The Harlem Renaissance was the time for a cultural celebration. To find the new freedom that had been promised by the end of bondage, African Americans migrated to the North in great numbers. Here they found a new freedom and expressed themselves in an explosion of cultural pride.
This program/concert will present to you Phyllis McEwen portraying Zora Neale Hurston, a renowned black author during the Harlem Renaissance. Poet Phyllis McEwen is a Chautauqua scholar and Florida Humanities Council performance artist. She is a librarian for Tampa Hillsborough County Public Library System and instructor in the Dept. of Africana Studies at the University of South Florida.
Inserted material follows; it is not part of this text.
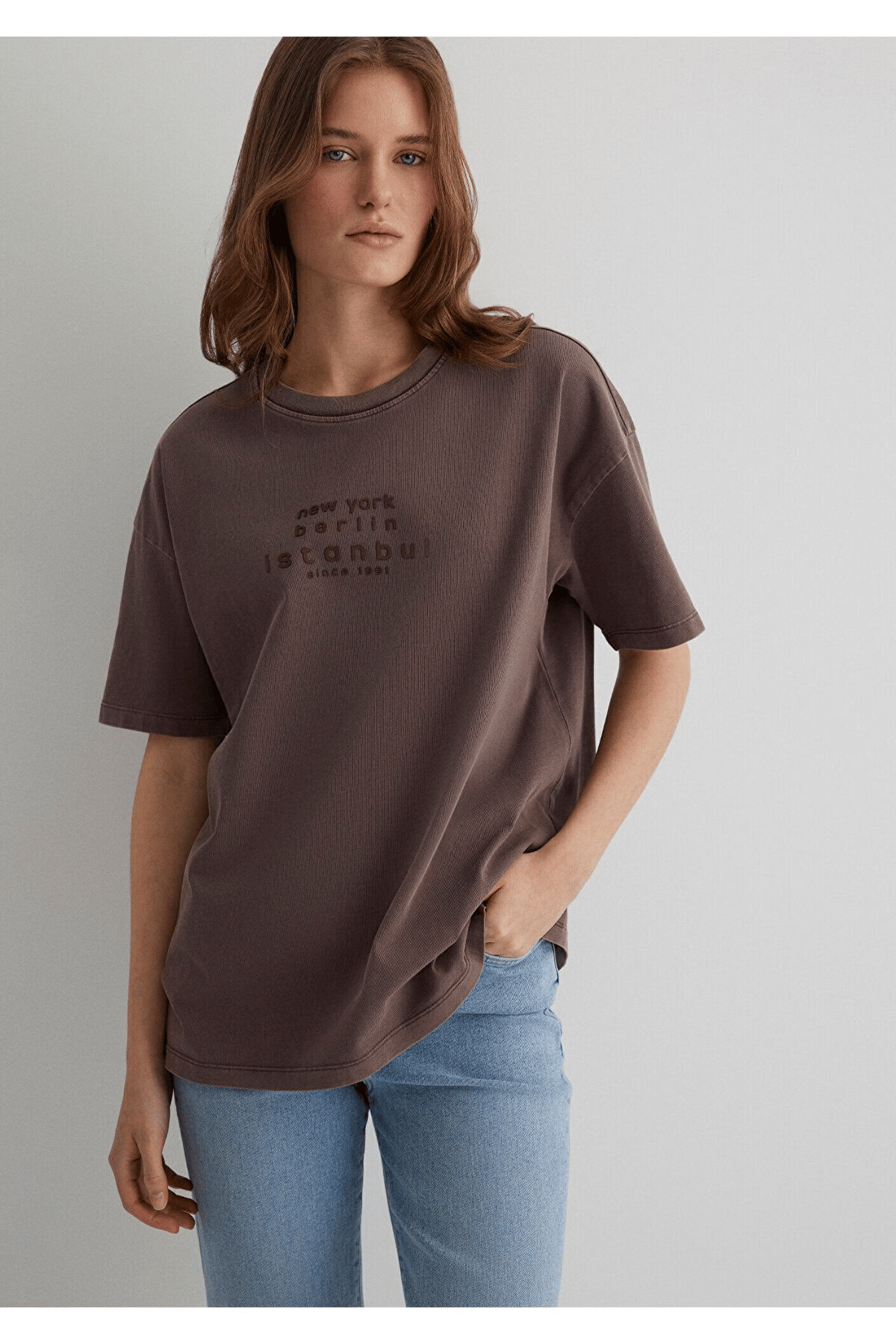 MAVİ KADIN GRAFİK BASKILI MODELLİ TİŞÖRT Deep Taupe 1613141-70383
McEwen will share the life and thoughts of Hurston, the most significant black woman writer of the first half of the 20th century. Over a career that spanned more than 30 years, Hurston published four novels, two books of folklore, an autobiography, numerous short stories, and several essays, articles and plays. She was notoriously charming among contemporaries, and influenced more than a generation of subsequent black writers.
Hurston's novel, Their Eyes Were Watching God, was about a proud, independent black woman and was first published in 1937 and was generally dismissed by male reviewers. Out of print for almost 30 years, it was reissued in paperback edition in 1978, and has become the most widely read and highly acclaimed novel in the canon of African American literature.
I'll be playing along with Ron Gregg on drums, Vincent Sims on guitar, "Stretch" Bruyn on piano and James Suggs on trumpet will play Jazz and blues reflecting the sounds of the Harlem Renaissance era. And there will be a special performance by my sister, Kristal Walker singing classic songs by Duke Ellington!